Registration of new charset CP51932



Hello,

This is Registration of new charset CP51932.

Following proposal should get a consensus in ietf-charsets,
so I submit this to IANA.

Regards,

---
Charset name: CP51932

Charset aliases: csCP51932

Suitability for use in MIME text:

    Yes, CP51932 is suitable for use with subtypes of the "text"
    Content-Type. Since CP1932 is an 8bit charset care should be
   taken to choose an appropriate Content-Transfer-Encoding.

Published specification(s):

    Octets with the high bit clear specify single US-ASCII characters, while
    octets with the high bit set encode characters from the Windows Codepage
    932 by combining the bits from the two octets except when the first octet
    is 0x8E, in which case this represents Halfwidth Katakana.

    Meaning and mapping to Unicode of each character is refer to
    Windows Codepage 932.
    http://msdn.microsoft.com/en-us/goglobal/cc305152.aspx

ISO 10646 equivalency table:

    http://cpansearch.perl.org/src/NARUSE/Encode-EUCJPMS-0.07/ucm/cp51932.ucm

Additional information:

    CP51932 is a variant of EUC-JP (like Windows-31J and Shift_JIS).
    this charset is different from EUC-JP in:
      * CP51932 doesn't support JIS X 0212
      * CP51932 supports characters extended by Windows Codepage 932
      * Unicode mapping of some characters are different

    Typical user of CP51932 is web browsers. When web browsers load
    a page which are declared or auto-detected as "EUC-JP", they don't
    interpret it as true EUC-JP registerd in IANA Character Sets but as
    CP51932. When they post form data as "EUC-JP", the data is also
    encoded as CP51932.

    The name "CP51932" is in use following applications:
      * Citrus iconv (NetBSD and DragonFly uses this)
      * patched GNU libiconv in FreeBSD ports
      * Mojikan http://www.mirai-ii.co.jp/moji/mojikan/
      * nkf 2.0.5
      * PHP 5.2.1
      * Ruby 1.9.1
      * Encode-EUCJPMS-0.06

    Moreover applications which uses MLang.DLL or .NET Framework for
    converting "EUC-JP" implicitly uses this charset.

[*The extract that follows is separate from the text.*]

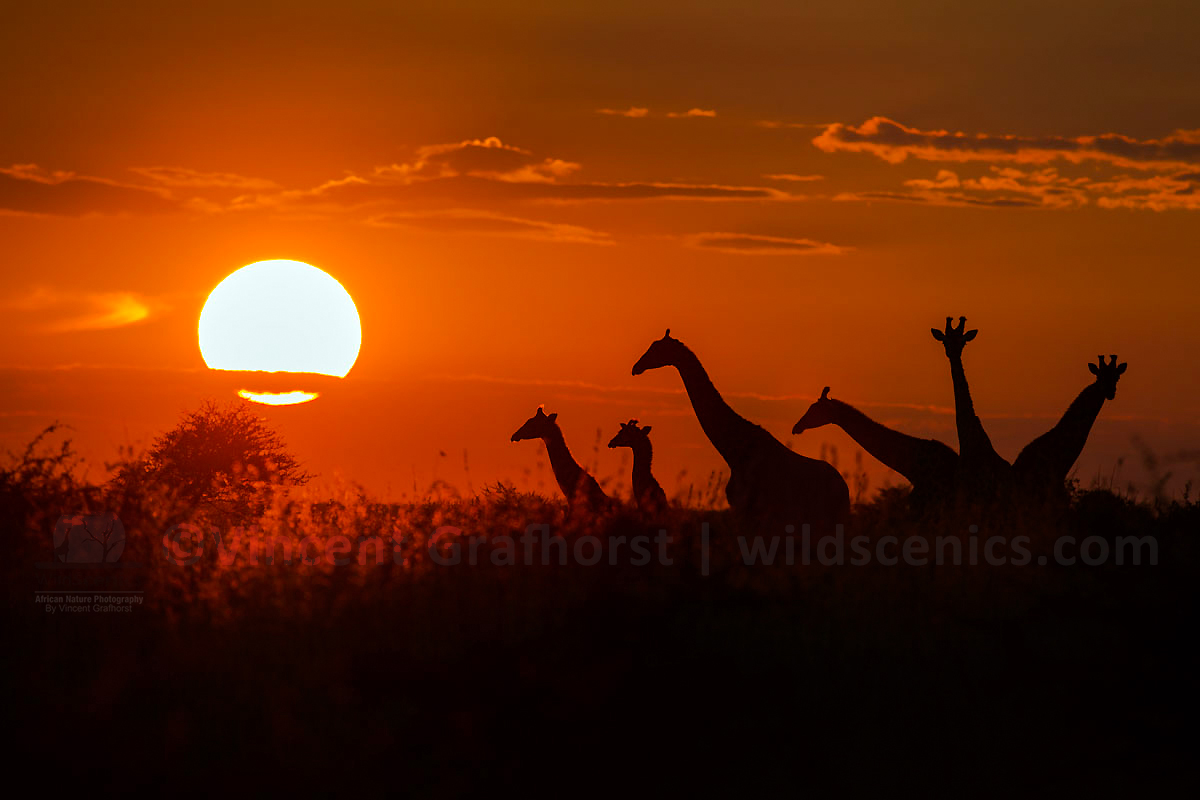 A Tower of Giraffes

    Intended use of this name is to override the implementation of EUC-JP
    or charset convertion.
    http://wiki.whatwg.org/wiki/Web_Encodings
    http://www.w3.org/Bugs/Public/show_bug.cgi?id=7444

    Why the name is not "Windows-51932" is some of applications which accept
    the name "CP51932" don't support the name "Windows-51932".

    CP51932 is for use of importing legacy data.
    UTF-8 is preferred to CP51932 for new system.

    Related references are:

      "Remarks" of "GetEncodings Method" of "System.Text"
      http://msdn.microsoft.com/en-us/library/system.text.encoding.getencodings.aspx

      "Introduction to JIS X0213 Implementation based on Unicode -
       A new Japanese Language Processing Environment for Information Systems",
       Nikkei BP Soft Press, ISBN 978-4891006082, 2008, pp. 17-18, 20, 120-158 (in Japanese)

      CP51932 - Legacy Encoding Project
      http://legacy-encoding.sourceforge.jp/wiki/index.php?cp51932

    This charset is also known as Windows Codepage 51932.

Person & email address to contact for further information:

    NARUSE, Yui
    Email: naruse@airemix.jp

Intended usage: LIMITED USE

-- 
NARUSE, Yui  <naruse@airemix.jp>